Tauchen Sie einen ungeschützten Finger in die Flüssigkeit X: Ein gelber Finger deutet auf konzentrierte Salpetersäure hin, ein Roter auf rauchende Salzsäure, ein blauer Finger auf Kupfervitriol, ein Brauner auf warme Schwefelsäure und ein grünes Glied auf Dulux Farbe. Vereinzelt macht sich ein unterschwelliges Ziehen, Jucken oder Brennen bemerkbar; und Sie bitten besser einen guten Bekannten von einem guten Freund um unterwürfige Assistenz. Sollten Sie oder der gute Bekannte von einem guten Freund daran Gefallen gefunden haben und zu einer Kostprobe zur Verfügung stehen oder auch -liegen, werden Sie jetzt zufrieden sein, Ihre Proben klein gehalten zu haben.

d) Organisch oder anorganisch
Nehmen Sie eine Probe eines organischen Stoffes - was sich als nicht einfach herausstellt, da sie noch nicht wissen, ob es sich um eine organische Substanz handelt. Ein brauchbarer Ansatz ist hier, einen guten Bekannten von einem guten Freund um ein gutes Organ zu bitten, das Sie im Tiegel zu erhitzen versuchen. Wird das Organ schwarz unter erheblicher Rauchentwicklung, sollte es sich um eine organische Verbindung handeln. Ein Beispiel für ein anorganisches Präparat könnte Blech sein. Erwärmen Sie vorsichtig eine neue Farbspraydose, bis die Beschriftung verbrannt ist.
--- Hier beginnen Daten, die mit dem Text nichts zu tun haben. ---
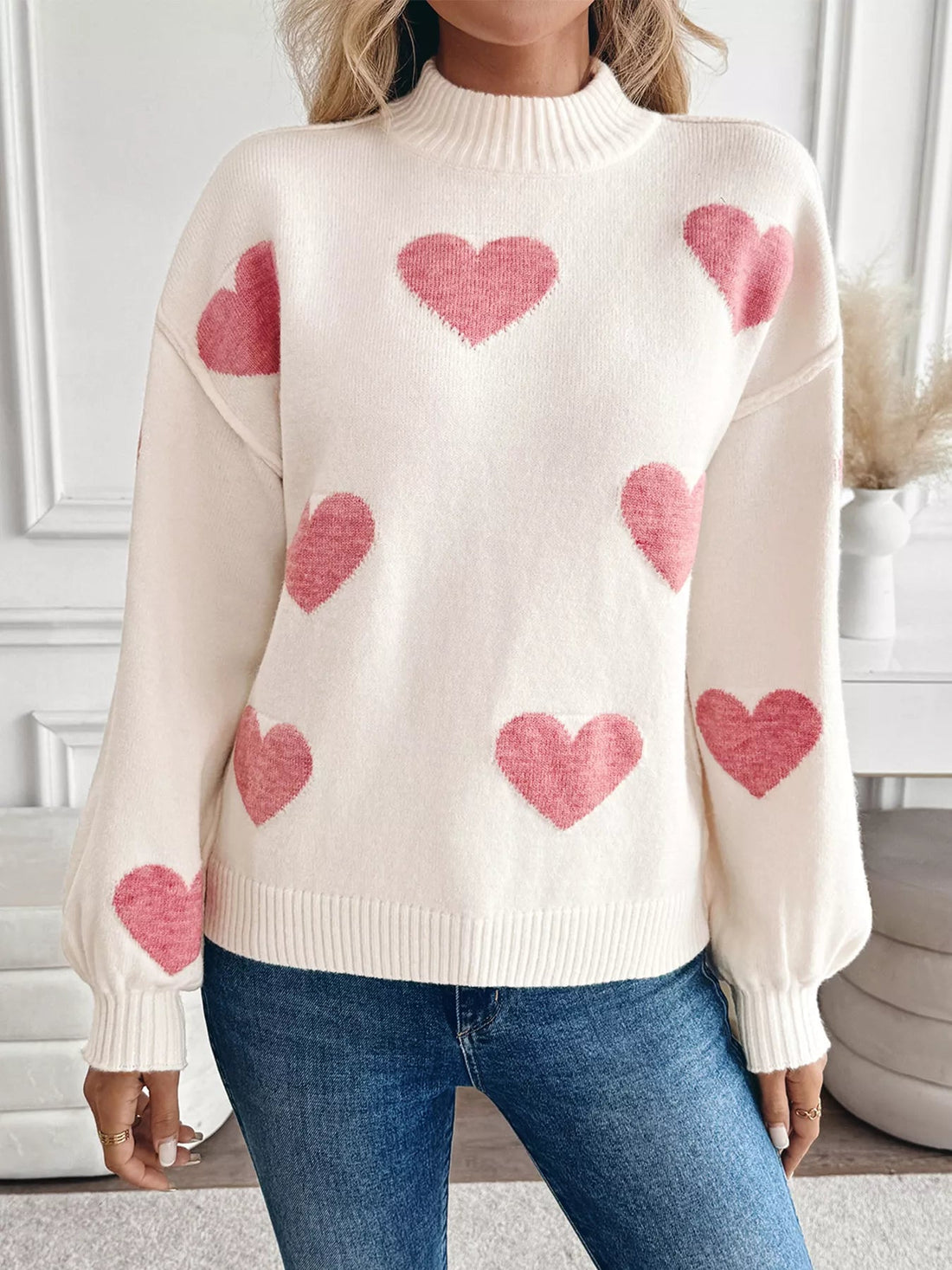 Heart Mock Neck Long Sleeve Sweater designed for comfort and style at Lookzlike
Benutzen Sie keinesfalls eine alte Dose, da diese noch Farbreste enthält! Erhöhen Sie dann erheblich die Wärmemenge, da Blech wissentlich mehr verträgt und beobachten Sie, dass sie das Metall anorganisch verhält.

e) Löslich oder unlöslich
Nieten aus Eisen sind unlöslich, wo hingegen Kleber in Essigsäureethylester gut gelöst zu werden vermag.
Mehr soll hier zur Lösung nicht verraten werden.
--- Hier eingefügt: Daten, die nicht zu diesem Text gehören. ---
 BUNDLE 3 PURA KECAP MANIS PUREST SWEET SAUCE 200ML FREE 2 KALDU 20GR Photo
f) Die Reaktion mit Lackmus
Wie der Name bedeutungslos hinwirft, weist Lackmus weder Lack noch Mus nach, sondern zeigt Unterschiede im pH-Wert an. Wir stanzen uns mit einem gewöhnlichen Haushaltslocher zur Untersuchung 25 runde Lackmuskonfetti und bringen sie in die Probe. Ein Konfetti genügt der groben Abschätzung; ein statistisch gesicherte Aussage erfordert jedoch 25 Stück. Das violette Nachweispapier färbt Säuren rot, Basen blau, Chlor weiß und grüne Rinmann Farbe gelb.
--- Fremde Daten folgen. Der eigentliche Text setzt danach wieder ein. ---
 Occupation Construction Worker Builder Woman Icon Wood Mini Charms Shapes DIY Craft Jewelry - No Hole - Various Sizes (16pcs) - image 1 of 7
g) Anwendung chemischer Nachweismittel
Sicherlich lassen sich chemische Substanzen auch durch andere Reagenzien bestimmen. Z.B. Schwefelsäure unter Zugabe von Wasser, welche munter gegeneinander reagieren, sowie Ammoniak, das sich freudig mit Wasser zu Salmiakgeist vereint. Phosphor nimmt gewissermaßen eine Zwitterstellung ein: es exotherminiert mit sich selbst in Abwesenheit von Petroleum. Der Niederschlag von Eisen auf den guten Fuß eines guten Bekannten Ihres guten Freundes färbt den Fuß blau. Es wäre auch mit Kaliumhexazyanoferrat zu bewerkstelligen, welche zumeist in billiger Trivialliteratur angeführt ist, doch selten vorrätig sein dürfte. 

Alle weiteren Nachweise erweisen sich als schwierig, umständlich und verwirren nur. Beschränken Sie sich auf das Wesentliche.